On the question of Gibraltar, the Special Committee had before it a working paper prepared by the Secretariat (documents A/AC.109/2006/9 and Corr.1) and a hearing of petitioners (aide-memoire 05/06). The working paper outlines the political developments, including the general elections held on 27 November 2003; economic conditions, including public finances, trade, banking, transportation, communications, utilities and tourism; and social conditions, including labour, human rights, social security and public health in Gibraltar during the review period. The paper also discusses the role of the United Nations Special Committee on decolonization and the General Assembly’s Fourth Committee (Special Political and Decolonization), as well as the General Assembly decision (60/525) of 8 December 2005 that calls for a definitive solution to the question of Gibraltar. Further, the working paper highlights the future status of the Territory, including the positions of the United Kingdom, the administering Power; the Chief Minister of Gibraltar, the territorial Government; and the Government of Spain. It also reviews the status of negotiations between those three parties.

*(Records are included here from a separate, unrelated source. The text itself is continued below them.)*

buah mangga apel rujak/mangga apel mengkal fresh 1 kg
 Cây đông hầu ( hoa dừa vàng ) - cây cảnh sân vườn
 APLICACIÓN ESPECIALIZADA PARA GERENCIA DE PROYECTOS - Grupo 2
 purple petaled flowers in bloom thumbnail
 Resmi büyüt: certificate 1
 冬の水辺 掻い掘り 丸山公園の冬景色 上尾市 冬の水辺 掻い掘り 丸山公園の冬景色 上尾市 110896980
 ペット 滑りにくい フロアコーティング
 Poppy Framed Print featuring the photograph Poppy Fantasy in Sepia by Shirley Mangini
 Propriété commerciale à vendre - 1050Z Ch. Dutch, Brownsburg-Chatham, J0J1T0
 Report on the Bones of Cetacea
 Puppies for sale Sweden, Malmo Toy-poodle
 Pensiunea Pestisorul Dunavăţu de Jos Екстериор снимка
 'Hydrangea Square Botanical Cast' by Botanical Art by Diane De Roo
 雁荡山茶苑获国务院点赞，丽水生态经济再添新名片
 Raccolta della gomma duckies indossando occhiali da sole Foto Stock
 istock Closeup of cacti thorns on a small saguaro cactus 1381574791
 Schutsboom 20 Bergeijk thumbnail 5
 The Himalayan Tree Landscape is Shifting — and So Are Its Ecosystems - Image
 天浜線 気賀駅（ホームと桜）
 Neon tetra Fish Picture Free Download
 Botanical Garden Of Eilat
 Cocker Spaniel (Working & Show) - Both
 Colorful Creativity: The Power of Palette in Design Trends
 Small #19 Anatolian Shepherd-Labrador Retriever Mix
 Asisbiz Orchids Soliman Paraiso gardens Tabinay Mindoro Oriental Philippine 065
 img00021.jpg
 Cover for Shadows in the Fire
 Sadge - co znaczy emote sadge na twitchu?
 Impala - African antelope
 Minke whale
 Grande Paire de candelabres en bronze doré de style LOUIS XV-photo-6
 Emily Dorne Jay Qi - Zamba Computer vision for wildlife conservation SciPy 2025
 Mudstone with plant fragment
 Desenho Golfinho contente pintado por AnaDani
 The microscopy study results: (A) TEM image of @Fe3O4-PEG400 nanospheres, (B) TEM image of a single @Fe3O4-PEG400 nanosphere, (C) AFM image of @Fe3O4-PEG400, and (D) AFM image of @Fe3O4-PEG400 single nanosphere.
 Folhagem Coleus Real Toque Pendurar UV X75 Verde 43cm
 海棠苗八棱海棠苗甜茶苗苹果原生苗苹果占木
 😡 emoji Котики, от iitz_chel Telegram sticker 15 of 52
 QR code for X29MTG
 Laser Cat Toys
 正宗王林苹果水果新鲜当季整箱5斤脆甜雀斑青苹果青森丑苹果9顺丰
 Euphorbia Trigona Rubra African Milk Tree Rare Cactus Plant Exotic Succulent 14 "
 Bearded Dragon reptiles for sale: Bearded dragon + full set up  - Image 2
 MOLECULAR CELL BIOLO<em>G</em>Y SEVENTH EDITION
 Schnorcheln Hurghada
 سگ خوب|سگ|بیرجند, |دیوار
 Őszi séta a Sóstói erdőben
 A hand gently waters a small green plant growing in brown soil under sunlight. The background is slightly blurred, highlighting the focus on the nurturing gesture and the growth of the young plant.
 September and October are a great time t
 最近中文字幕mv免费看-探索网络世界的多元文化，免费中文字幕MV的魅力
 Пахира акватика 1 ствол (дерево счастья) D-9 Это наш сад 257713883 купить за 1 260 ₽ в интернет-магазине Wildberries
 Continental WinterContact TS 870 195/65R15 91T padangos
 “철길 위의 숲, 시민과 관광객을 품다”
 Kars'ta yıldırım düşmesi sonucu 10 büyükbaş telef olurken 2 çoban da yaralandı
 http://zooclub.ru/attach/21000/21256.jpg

Statements on Western Sahara
RODRIGO MALMIERCA DIAZ ( Cuba) said that, for more than three decades, the people of Western Sahara had constantly had their inalienable right to self-determination denied. The United Nations had many times affirmed that the issue was one of decolonization and, therefore, fell under its direct responsibility. Any attempt to prevent the people of Western Sahara from exercising that right was a severe violation of international law and ran contrary to the spirit and letter of the Charter and many resolutions approved by the United Nations since 1965.
He said the plan approved by the Security Council was the only way to resolve the situation. The United Nations could not avoid its responsibilities because one of the parties involved chose to avoid responsibility or refused to negotiate. The United Nations could not simply turn its back on the decolonization issue, and the Special Committee had the main role to play in resolving it.
He said that, despite its limited resources, Cuba had provided assistance, especially in area of education, to the people of Western Sahara. They could always count on the continued solidarity of Cuba in pursuing their rights.
AHMED BOUKHARI, speaking on behalf of Frente POLISARIO, said continued colonial occupation of Western Sahara by Morocco was a challenge to the authority of the United Nations. The Secretary-General’s report recommended several solutions that minimized and undermined the right to self-determination. It suggested that the Secretary-General’s personal envoy should take “Realpolitik” into account. That was an unfortunate approach, as well as an attempt to establish a dangerous precedent -- accepting a fait accompli of a colonial nature imposed by force.
He said the report alluded to the fact that if a referendum resulted in a vote for independence, Morocco would not allow that to happen. It was, therefore, pointless to bring in other countries to negotiate the status of the Territory and then warn about the failure of those negotiations if they included the option of independence. That would mean abandoning the decolonization doctrine of the United Nations. If it had pursued that path in the past, many countries would still be under colonial occupation.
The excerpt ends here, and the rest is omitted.